The conference chatter reflects an industry-wide concern over the future of NEM as the California Public Utilities Commission (CPUC) readies a decision, expected May 24, on the question of how to define the NEM cap. Underlying the legalism involved in the CPUC decision, as Barsley noted, is a debate between solar advocates and SCE, Pacific Gas and Electric (PG&E), and San Diego Gas and Electric (SDG&E), California’s three investor-owned utilities (IOUs).

“There is a belief that the net metering tariff, the way it is applied today, gives an additional benefit or subsidy to solar customers and the price of that subsidy gets passed on to our other non-solar-owning ratepayers,” Barsley said. “As more customers get the net metering tariff, that’s more and more costs that shift to non-solar customers.”

“The utilities haven’t provided any data on the increased costs,” said the CPUC Acting Director of the Division of Ratepayer Advocates (DRA) Joe Como, whose job is to stand up for the ratepayers the utilities are supposed to be protecting. NEM “cuts into their business and they’re not the ones getting the money,” he added. “They’re never upset when they’re receiving the money.”

The CPUC decision will be on a legal question, but sooner or later the value of NEM will also have to be decided.

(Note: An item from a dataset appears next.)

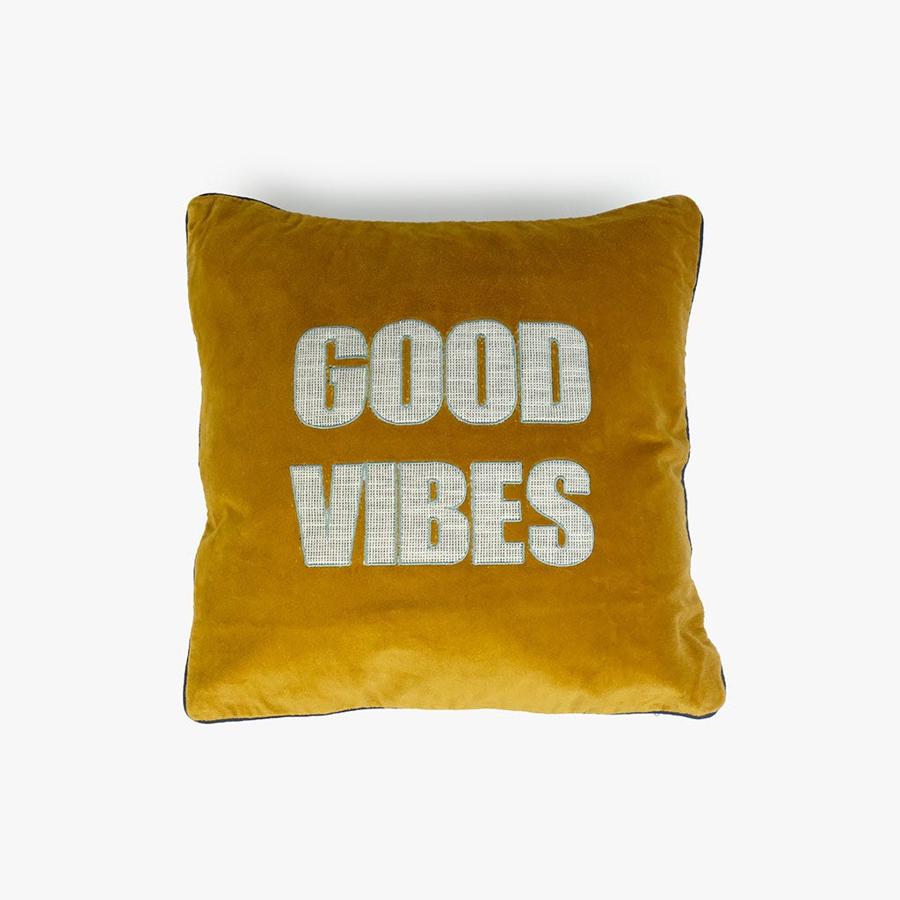 Una dosis de buen rollo en tu hogar con este cojín de A Loja do Gato Preto, rebajado a 9.99 euros.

Utilities are essentially arguing that of the three charges in an electricity bill -- one for power generation, another for transmission system expenses, and a third for distribution system expenses -- solar system owners should only be remunerated for the first and should have to pay for the wires they use when the sun is not shining.

But the difference between the generation cost and the full retail cost of electricity is not necessarily a subsidy if the cost that is shifted to other ratepayers pays for benefits to them as well. Only a cost-benefit analysis would show that.

“Our own rates group is trying do an evaluation,” Barsley said.

Consulting firm Crossborder Energy principal Tom Beach has done one. It included a review of two previous cost-benefit analyses, one by Lawrence Berkeley National Laboratory (LBNL) and one by the E3 consulting firm.

Both the Beach and LBNL studies, based on PG&E data, showed that if the higher value of the power not consumed by NEM customers is considered, the benefits to the utility are greater and the costs to the other ratepayers are offset.

“The biggest component of the benefit is that when someone produces power at their home or business and exports it to the grid,” Beach said, “a power plant somewhere else on the system gets turned down because that power does not have to be produced.” That provides two cost savings, he explained -- the natural gas that doesn’t get burned and, as demand grows, the power plant that doesn’t have to get built.

“The first kind of savings is called energy savings,” Beach said. “The second kind of savings is called capacity savings." Together, he added, “they’re 60 percent to 70 percent of the savings.”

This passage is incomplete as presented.